AgentGram: Natural Language Interface for Agents
Project Summary
Paul Pazandak
and Craig Thompson
Object Services and Consulting, Inc.
17 June 2002
Contents
Executive Summary
Objective
The objective of the Agentgram project was to develop
a modular menu-based natural language interface (MBNLI) component
that can be used in client-server web environments as a front-end to agents
and other Internet resources (e.g., data sources). From the point
of view of Agility's goal to demonstrate agent capabilities that scale
to mass markets, the impact we were aiming at was to develop a technology
that enables humans, anywhere on the semantic web, to task and query remote
agents and Internet resources using complex but undertandable commands
in constrained natural language.
Specific scientific and engineering subgoals were:
-
enable MBNLI on any webpage as a way to communicate
with remote web resources, e.g., agents, databases, ...
-
semi-automate generation of MBNLI interfaces
-
prototype a companion speech interface to MBNLI
-
develop MBNLI as a component that can interface to
other components and can connect to the CoABS grid
-
demonstrate MBNLI in scenarios of interest to DoD
Our primary thesis is that MBNLI can operate on the desktop or web to provide
naive users with natural language interfaces they can actually use.

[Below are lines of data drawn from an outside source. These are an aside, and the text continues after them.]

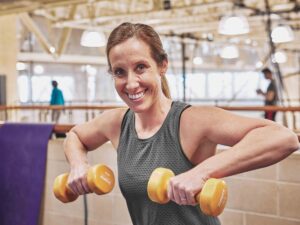 Woman smiles as she lifts weights in Monon Community Center. 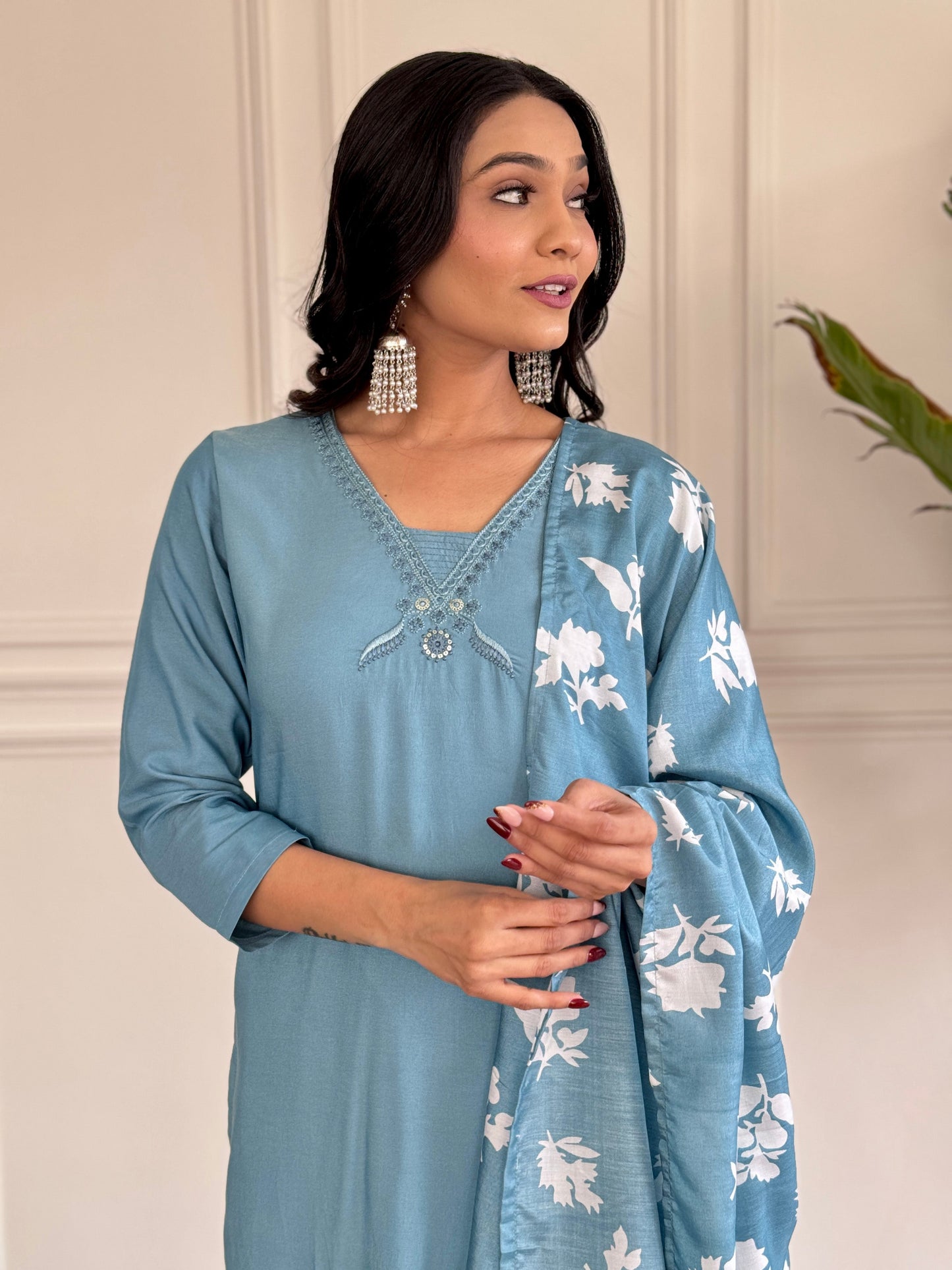 Exude elegance in this serene blue kurta set, adorned with delicate embroidery and a charming floral-print dupatta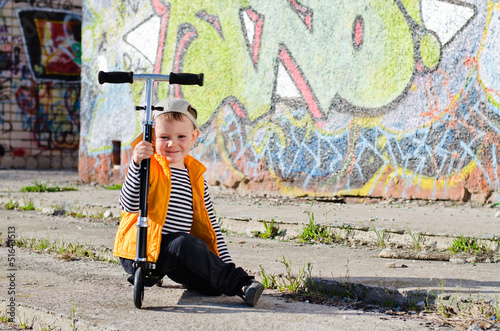 Photo: Cute little boy sitting on his scooter Cute little boy sitting on his scooter
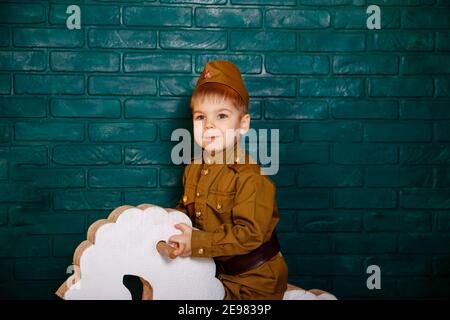 Kind reitet weißes Pferd. Kind in einem Anzug. Kinder spielen mit Spielzeug. Stockfoto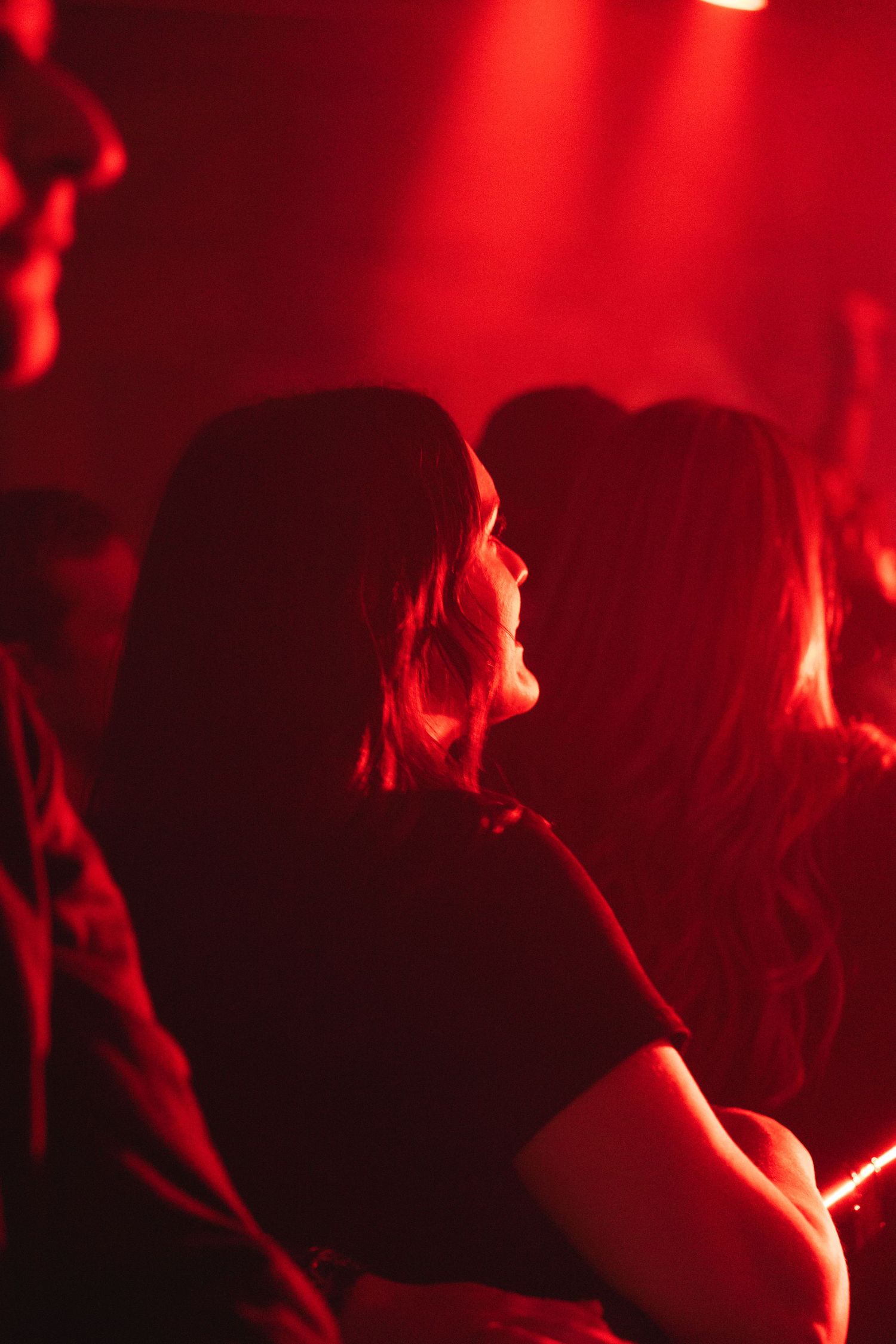 Concert audience silhouettes lit by bright red stage lighting creating an atmospheric crimson glow.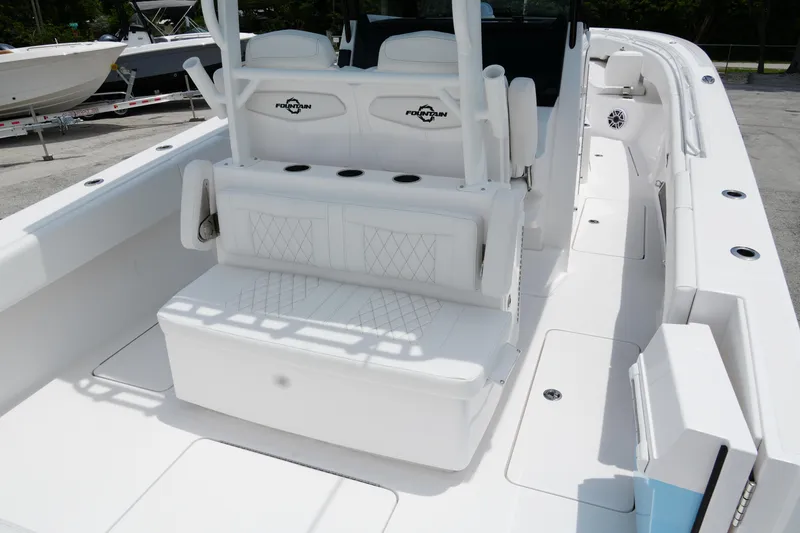 Slide: The Image of 2025 Fountain 38 CC boat interior with white seating and modern design. - 26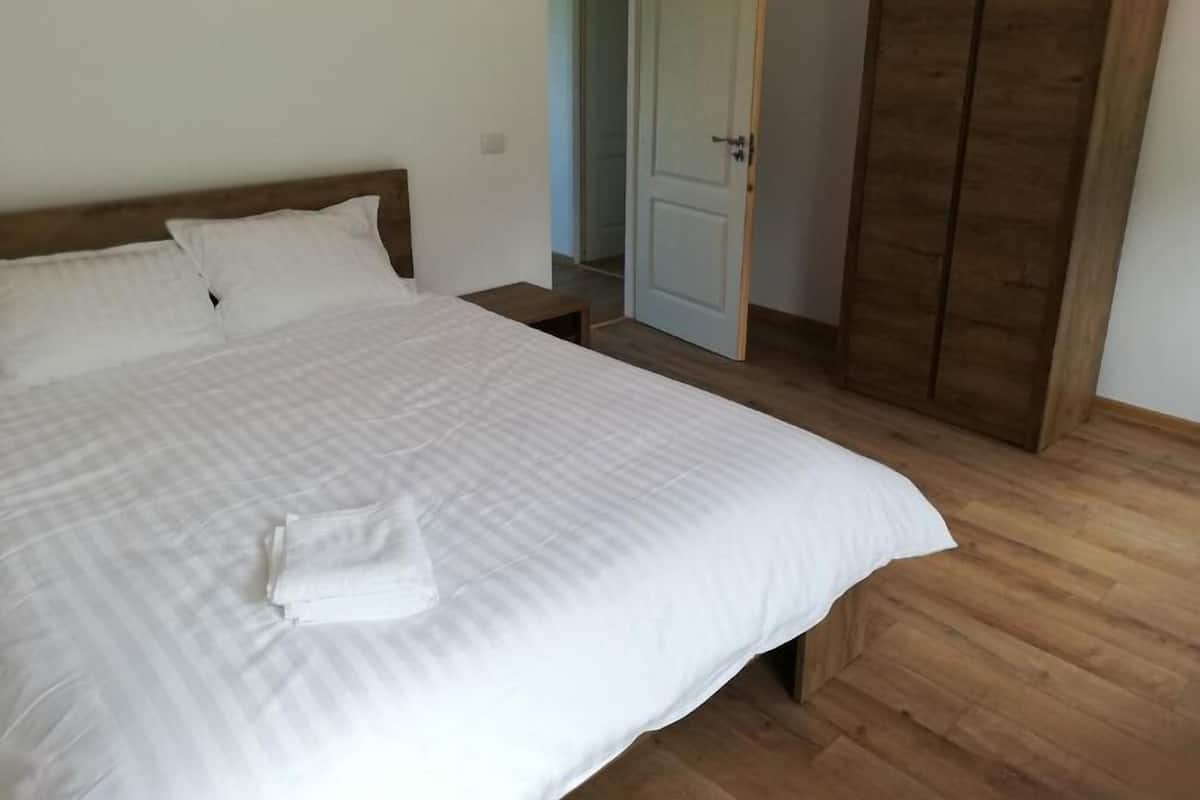 A neatly made bed with white linens, a wooden headboard, and a wooden wardrobe in a room with wooden flooring.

Thus, MBNLI is a signficant potential step towards the development of a
more semantic web and to "scaling agent systems to the masses."
Background
Menu-based natural language interface technology (MBNLI) combines
constrained grammars, a predictive parser, and interface technology to
provide users with a guided natural language query and command capability.
As explained in MBNLI
Overview, this approach bypasses frustrating habitability problems
that other NL interface technologies suffer from where users undershoot
or overshoot the NL systems' capabilities.
Technical Accomplishments
Under the DARPA CoABS contract, we extended MBNLI in the following ways:
Initial
AgentGram Prototype
An initial AgentGram prototype, developed in 1999,
was based on the notion of distributed agents which contain grammars that
can be dynamically composed. Users were able to construct (using
cascading menus) complex sentences (commands/queries) which simultaneously
involve the grammars of several agents. The grammars were dynamically loaded
from web-based agents on demand. This first implementation focused
on dynamically constructing restricted English phrases from the partial
grammars of multiple distributed agents simultaneously. The result is a
readable sentence which represents a complex executable command.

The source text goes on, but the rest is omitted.